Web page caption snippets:
"""

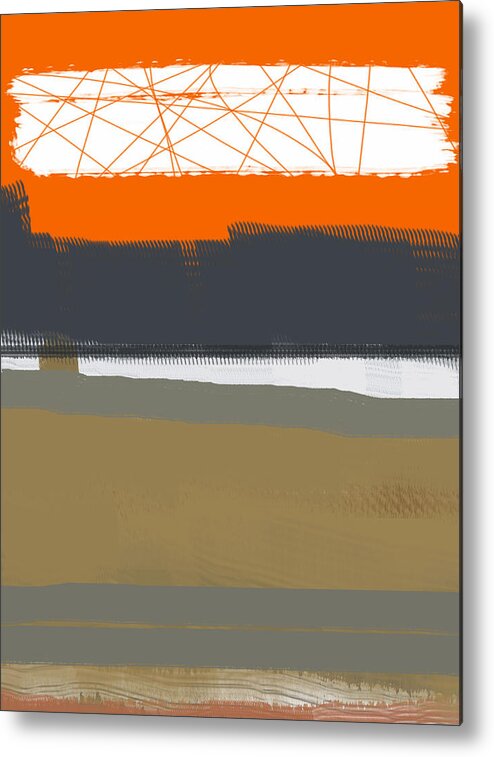 Abstract Metal Print featuring the painting Abstract Orange 1 by Naxart Studio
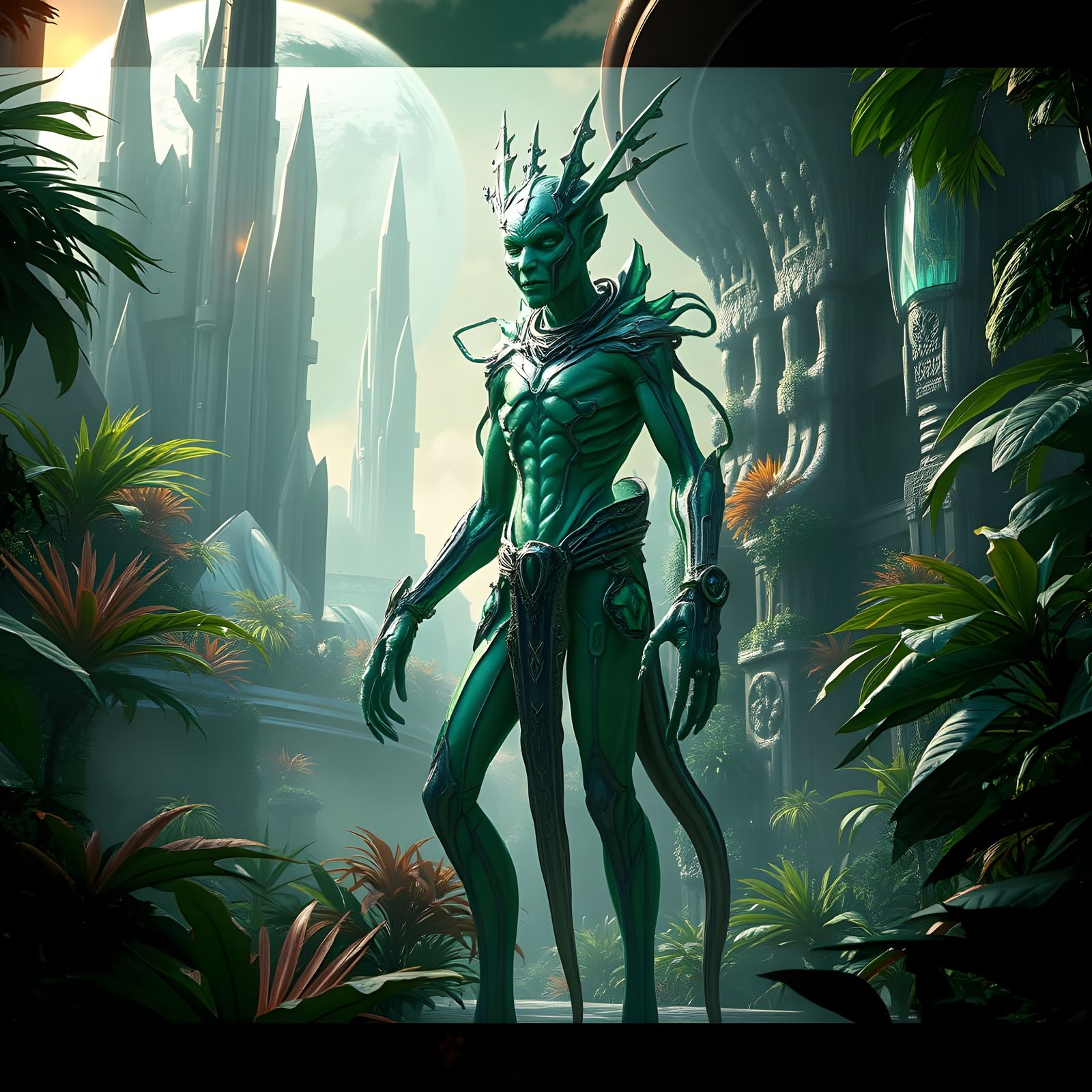 Majestic Alien Amidst Extraterrestrial Ecosystem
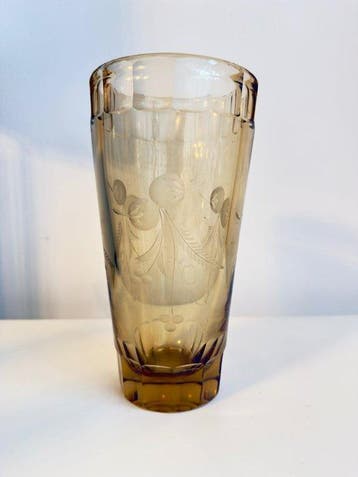 Bohemian - Vaas - Glas - Antieke uraniumglas vaas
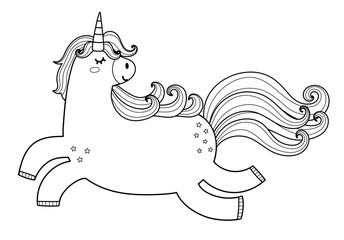 Cute magic unicorn character in outline. Beautiful fairy tale black and white horse animal in cartoon style. Flying pony. Vector illustration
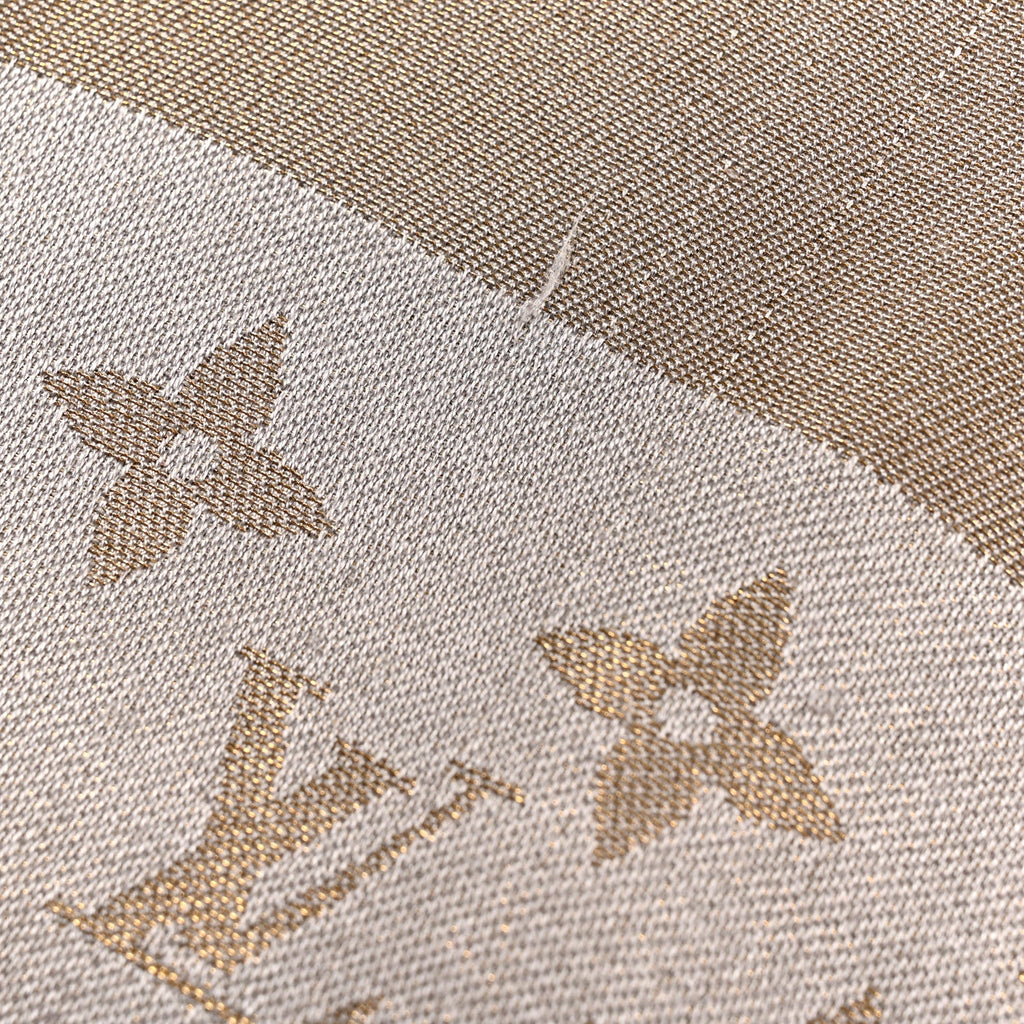 Louis Vuitton Silk Wool Monogram Shine Shawl Greige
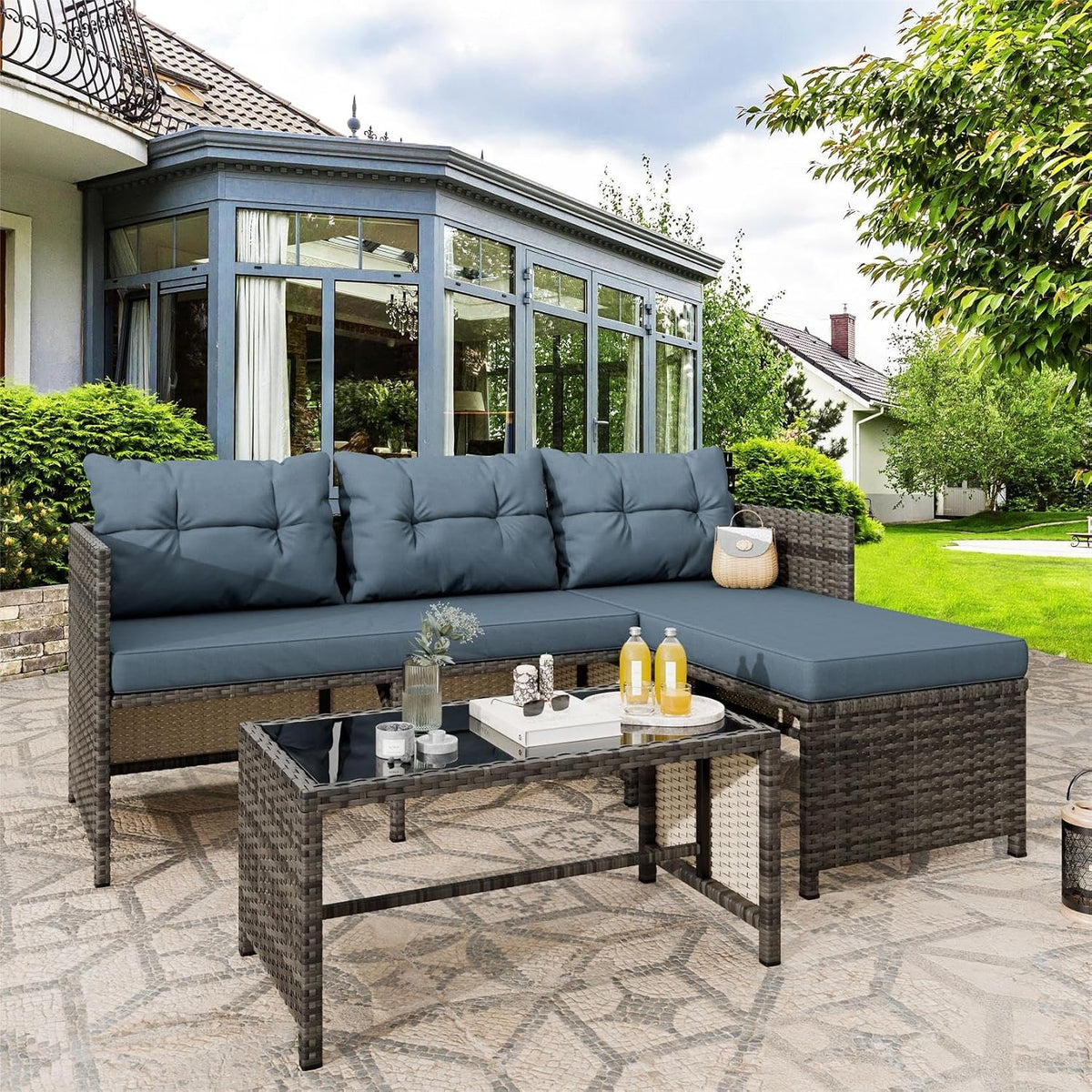 3‑Piece Wicker Patio Furniture Set with Cushions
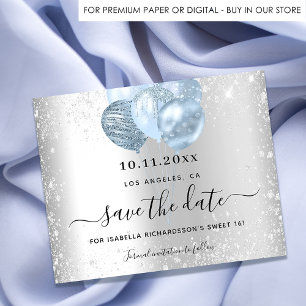 Budget Sweet 16 silver blue save the date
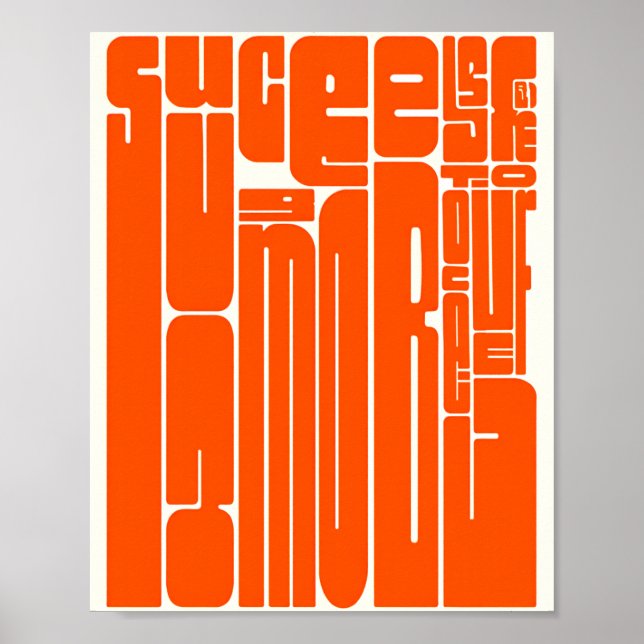 Affiche Inspirante Succès & Courage – Rétro Gras (Devant)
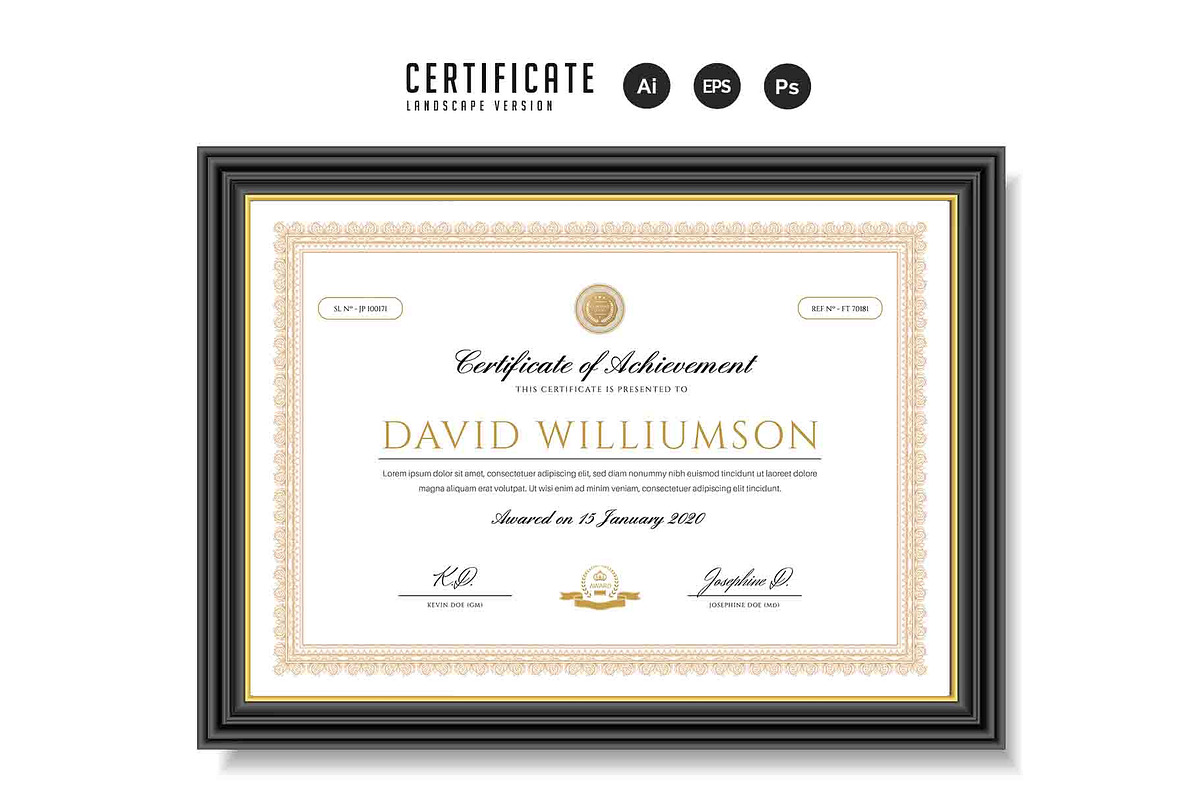 202. Modern Certificate Template, a Stationery Template by CreativeRezwan (Photo 3 of 3)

"""

> _Task instructions_
Return the records exactly. Don't carry the pictures over.

> _Exercise answer_
 Abstract Metal Print featuring the painting Abstract Orange 1 by Naxart Studio
 Majestic Alien Amidst Extraterrestrial Ecosystem
 Bohemian - Vaas - Glas - Antieke uraniumglas vaas
 Cute magic unicorn character in outline. Beautiful fairy tale black and white horse animal in cartoon style. Flying pony. Vector illustration
 Louis Vuitton Silk Wool Monogram Shine Shawl Greige
 3‑Piece Wicker Patio Furniture Set with Cushions
 Budget Sweet 16 silver blue save the date
 Affiche Inspirante Succès & Courage – Rétro Gras (Devant)
 202. Modern Certificate Template, a Stationery Template by CreativeRezwan (Photo 3 of 3)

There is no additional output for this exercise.